EXERCISE DETAILS.
Reproduce exactly the line with "Kids backpack - Black" and every line that follows it below, up to and including the last one. Do not include pictures or anything else.

DATASET EXTRACT.
-*-

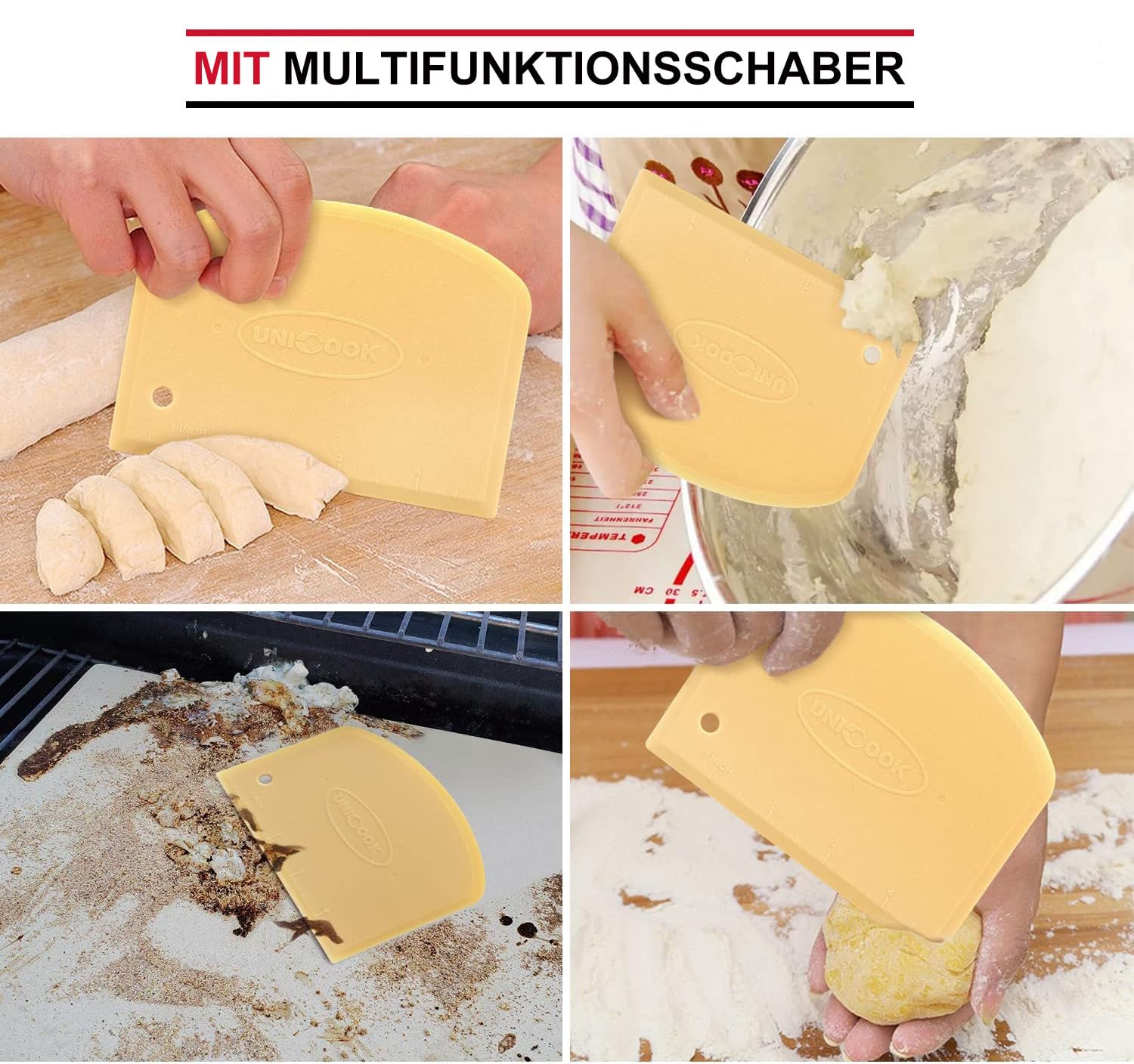 Unicook Pizzastein für Backofen und Grill, Cordierit Backstein, Passend zum Backen von Knuspriger Pizza, Brot und Flammkuchen, Rechteckig, Pizza Stein 38 x 30 cm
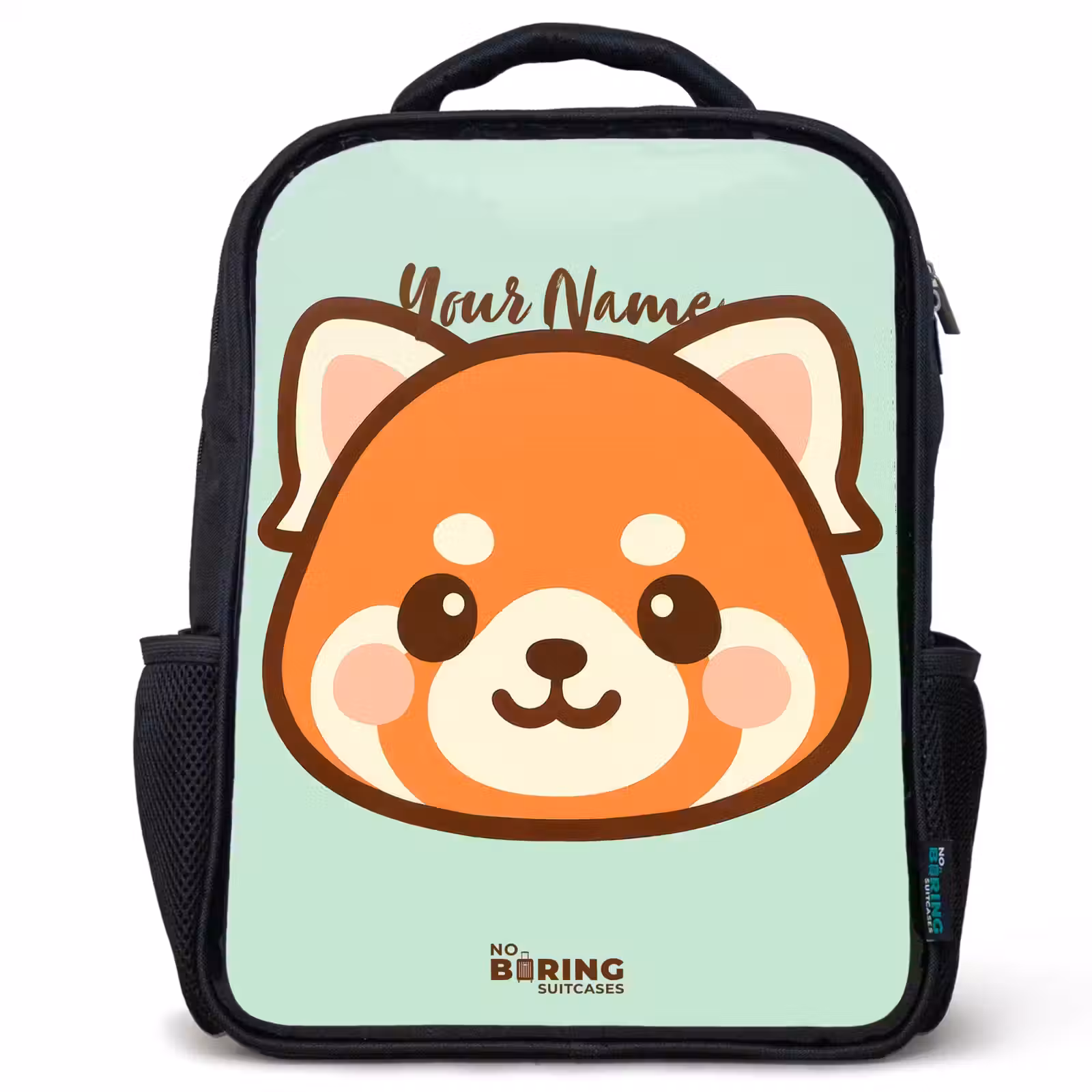 Kids backpack - Black - Kawai - Red panda - Green — 1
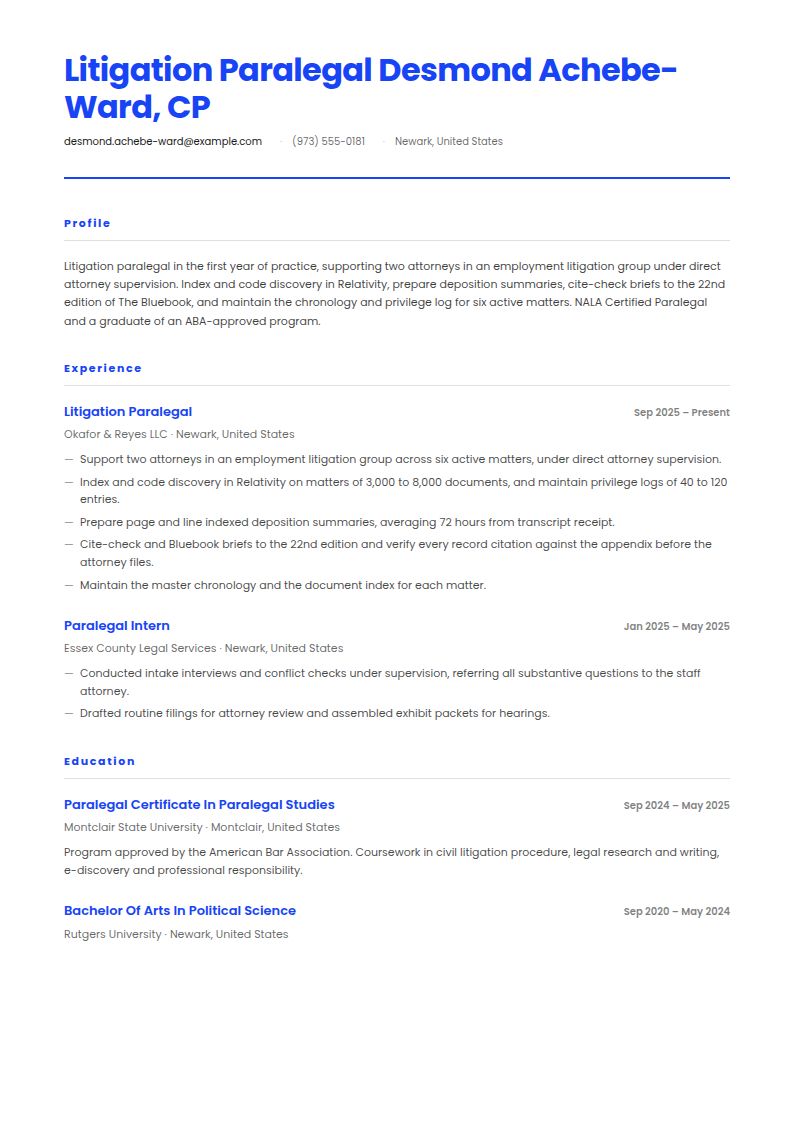 Paralegal Resume Examples & Templates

-*-

YOUR SOLUTION.
 Kids backpack - Black - Kawai - Red panda - Green — 1
 Paralegal Resume Examples & Templates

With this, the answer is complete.